Pohiva heads the first family of democracy. His daughter, Laucala, is a journalist at the banned newspaper Taimi o Tonga. Son Pooi is with the Human Rights and Democracy movement.

Pohiva says that in 15 years, the democracy movement has grown from nothing. He says it was not easy to change fundamental beliefs that had been there for centuries.

"But compared to elsewhere, Tonga has been much quicker."

Naeata endorses Pohiva's standing as favourite of the people.

"That is the kind of man I like. Like William Wallace in Braveheart, he showed us all the mistakes in Government, and what the ministers and royal family do."

And the King?

The King is a good man, he repeats firmly three times. But he should be like the Queen of England and have a figurehead role.

It is only in the past 20 years that anyone has dared speak about the King. Now, people talk about what is right and wrong.

In a small village on Tongatapu, neighbours Katalina Fauhiva, 26, and Pae Kata, 38, say they love the King because he is the King.





Both women say they want to be able to elect their government. But they are almost too busy to talk because they are preparing food for the royal wedding feast to be held today.

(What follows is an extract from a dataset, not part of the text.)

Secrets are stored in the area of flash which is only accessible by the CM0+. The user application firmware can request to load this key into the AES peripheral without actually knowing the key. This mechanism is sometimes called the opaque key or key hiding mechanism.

The wedding is proving tremendous gossip fodder.

Two of the bride's aunts are said to have left Tonga and flown to New Zealand in protest at the love match between Princess Salote Lupepeu'u Tuita, 26, and the son of a noble, Mata'i'ulua Fusitu'a, whose first marriage to the kingdom's beauty queen was annulled.

In this deeply Christian community, a prior marriage is a strike against the groom.

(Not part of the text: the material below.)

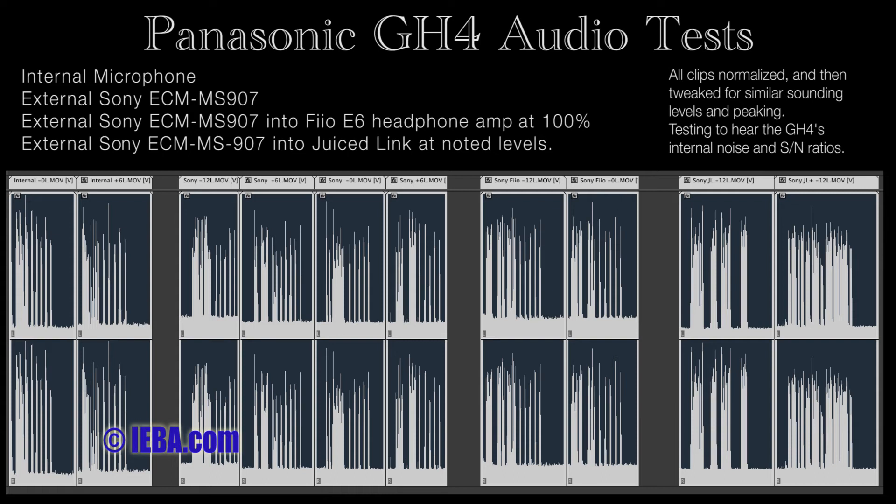1, 2, 3, 4, 5. This is the microphone into the Pheo. Pheo all the way up, no EQ. Camera set to minus 12 dB. 1, 2, 3, 4, 5.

The women say their favourite royal is the outcast Maata, because he loves the people. Maata, the King's second son, married a Samoan woman rather that a daughter of a noble family as the King wanted.

Unlike his siblings, he has no official duties and his house is more middle class than mansion.

The name of his brother and heir to the throne, Crown Prince Tupouto'a, is synonymous with money and, as Tongans mutter among themselves, high prices.

Every time people in Tonga make a mobile phone call, buy a local beer or turn on a light, they are putting money in the Crown Prince's pocket.

He has apparently planned his coronation, but the people are concerned he will be too busy with business to rule effectively.

There is hope he will be more open to a democratic government.

The business-minded royal children are making a killing, but it is their father's pipedreams that have made the monarchy a laughing stock overseas.

There was the idea of using Tonga as a dumping ground for toxic waste, of burning tyres for energy, and emptying a lagoon to store Iranian oil.

Projects which did go ahead were plagued with scandal.

Among them was the unsavoury passport-selling trade from which the lucrative earnings were lost by the King's appointed court jester on an insurance scam.

With this backdrop of embarrassments, reverence for the King and respect for the hierarchal system are diminishing.

But whatever his faults, the King - Tonga's first university graduate - has blessed his people with a belief in the importance of education.

Increasingly, though, educated people complain they are left out as nobles are chosen for key roles.

Joe Naeata has one reason for supporting the pro-democracy movement.

"The King and nobles are high, and the people are low. We want it to be like in America, where people are all the same."